▶ [The problem] What is needed is a faithful copy of all the records.

Content starts

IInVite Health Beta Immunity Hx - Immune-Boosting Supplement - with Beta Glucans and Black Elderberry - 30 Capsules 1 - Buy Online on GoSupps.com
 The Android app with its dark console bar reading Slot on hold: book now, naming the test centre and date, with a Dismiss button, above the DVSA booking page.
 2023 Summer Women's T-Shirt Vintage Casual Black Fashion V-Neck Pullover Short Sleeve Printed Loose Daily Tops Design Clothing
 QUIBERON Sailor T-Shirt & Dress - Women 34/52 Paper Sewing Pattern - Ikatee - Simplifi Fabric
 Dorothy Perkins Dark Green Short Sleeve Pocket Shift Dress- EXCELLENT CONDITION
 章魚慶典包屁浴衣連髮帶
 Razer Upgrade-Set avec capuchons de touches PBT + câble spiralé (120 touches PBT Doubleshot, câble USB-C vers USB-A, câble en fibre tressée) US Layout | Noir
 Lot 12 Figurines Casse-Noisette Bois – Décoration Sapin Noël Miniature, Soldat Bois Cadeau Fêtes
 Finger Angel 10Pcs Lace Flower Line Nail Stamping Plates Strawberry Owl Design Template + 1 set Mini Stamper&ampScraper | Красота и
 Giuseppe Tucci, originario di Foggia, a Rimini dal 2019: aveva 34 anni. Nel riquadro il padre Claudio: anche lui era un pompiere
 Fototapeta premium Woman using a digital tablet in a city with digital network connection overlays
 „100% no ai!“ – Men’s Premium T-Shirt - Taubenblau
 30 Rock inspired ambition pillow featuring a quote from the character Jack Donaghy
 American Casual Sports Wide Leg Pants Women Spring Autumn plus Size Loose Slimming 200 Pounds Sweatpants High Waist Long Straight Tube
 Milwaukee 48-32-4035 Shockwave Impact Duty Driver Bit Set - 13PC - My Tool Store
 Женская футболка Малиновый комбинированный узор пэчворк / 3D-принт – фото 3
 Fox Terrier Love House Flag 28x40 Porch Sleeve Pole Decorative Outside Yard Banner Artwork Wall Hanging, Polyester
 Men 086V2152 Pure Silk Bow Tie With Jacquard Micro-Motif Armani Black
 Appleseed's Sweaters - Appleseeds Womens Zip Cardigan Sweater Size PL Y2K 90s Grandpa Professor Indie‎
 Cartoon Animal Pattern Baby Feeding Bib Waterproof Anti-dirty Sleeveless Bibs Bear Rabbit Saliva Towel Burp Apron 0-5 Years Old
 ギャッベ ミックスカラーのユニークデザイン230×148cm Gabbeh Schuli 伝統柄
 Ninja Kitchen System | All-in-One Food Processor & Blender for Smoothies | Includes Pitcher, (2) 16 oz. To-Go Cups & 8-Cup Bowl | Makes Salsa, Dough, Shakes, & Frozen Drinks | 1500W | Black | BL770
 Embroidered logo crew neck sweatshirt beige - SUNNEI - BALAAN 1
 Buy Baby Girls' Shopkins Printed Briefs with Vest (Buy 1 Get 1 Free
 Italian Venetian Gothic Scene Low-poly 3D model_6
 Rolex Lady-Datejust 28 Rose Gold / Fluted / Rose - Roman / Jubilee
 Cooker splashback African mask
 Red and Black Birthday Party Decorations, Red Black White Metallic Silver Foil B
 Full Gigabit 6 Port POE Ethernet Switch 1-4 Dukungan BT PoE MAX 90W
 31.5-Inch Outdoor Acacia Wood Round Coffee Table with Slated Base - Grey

Content ends

▶ [Answer]
IInVite Health Beta Immunity Hx - Immune-Boosting Supplement - with Beta Glucans and Black Elderberry - 30 Capsules 1 - Buy Online on GoSupps.com
 The Android app with its dark console bar reading Slot on hold: book now, naming the test centre and date, with a Dismiss button, above the DVSA booking page.
 2023 Summer Women's T-Shirt Vintage Casual Black Fashion V-Neck Pullover Short Sleeve Printed Loose Daily Tops Design Clothing
 QUIBERON Sailor T-Shirt & Dress - Women 34/52 Paper Sewing Pattern - Ikatee - Simplifi Fabric
 Dorothy Perkins Dark Green Short Sleeve Pocket Shift Dress- EXCELLENT CONDITION
 章魚慶典包屁浴衣連髮帶
 Razer Upgrade-Set avec capuchons de touches PBT + câble spiralé (120 touches PBT Doubleshot, câble USB-C vers USB-A, câble en fibre tressée) US Layout | Noir
 Lot 12 Figurines Casse-Noisette Bois – Décoration Sapin Noël Miniature, Soldat Bois Cadeau Fêtes
 Finger Angel 10Pcs Lace Flower Line Nail Stamping Plates Strawberry Owl Design Template + 1 set Mini Stamper&ampScraper | Красота и
 Giuseppe Tucci, originario di Foggia, a Rimini dal 2019: aveva 34 anni. Nel riquadro il padre Claudio: anche lui era un pompiere
 Fototapeta premium Woman using a digital tablet in a city with digital network connection overlays
 „100% no ai!“ – Men’s Premium T-Shirt - Taubenblau
 30 Rock inspired ambition pillow featuring a quote from the character Jack Donaghy
 American Casual Sports Wide Leg Pants Women Spring Autumn plus Size Loose Slimming 200 Pounds Sweatpants High Waist Long Straight Tube
 Milwaukee 48-32-4035 Shockwave Impact Duty Driver Bit Set - 13PC - My Tool Store
 Женская футболка Малиновый комбинированный узор пэчворк / 3D-принт – фото 3
 Fox Terrier Love House Flag 28x40 Porch Sleeve Pole Decorative Outside Yard Banner Artwork Wall Hanging, Polyester
 Men 086V2152 Pure Silk Bow Tie With Jacquard Micro-Motif Armani Black
 Appleseed's Sweaters - Appleseeds Womens Zip Cardigan Sweater Size PL Y2K 90s Grandpa Professor Indie‎
 Cartoon Animal Pattern Baby Feeding Bib Waterproof Anti-dirty Sleeveless Bibs Bear Rabbit Saliva Towel Burp Apron 0-5 Years Old
 ギャッベ ミックスカラーのユニークデザイン230×148cm Gabbeh Schuli 伝統柄
 Ninja Kitchen System | All-in-One Food Processor & Blender for Smoothies | Includes Pitcher, (2) 16 oz. To-Go Cups & 8-Cup Bowl | Makes Salsa, Dough, Shakes, & Frozen Drinks | 1500W | Black | BL770
 Embroidered logo crew neck sweatshirt beige - SUNNEI - BALAAN 1
 Buy Baby Girls' Shopkins Printed Briefs with Vest (Buy 1 Get 1 Free
 Italian Venetian Gothic Scene Low-poly 3D model_6
 Rolex Lady-Datejust 28 Rose Gold / Fluted / Rose - Roman / Jubilee
 Cooker splashback African mask
 Red and Black Birthday Party Decorations, Red Black White Metallic Silver Foil B
 Full Gigabit 6 Port POE Ethernet Switch 1-4 Dukungan BT PoE MAX 90W
 31.5-Inch Outdoor Acacia Wood Round Coffee Table with Slated Base - Grey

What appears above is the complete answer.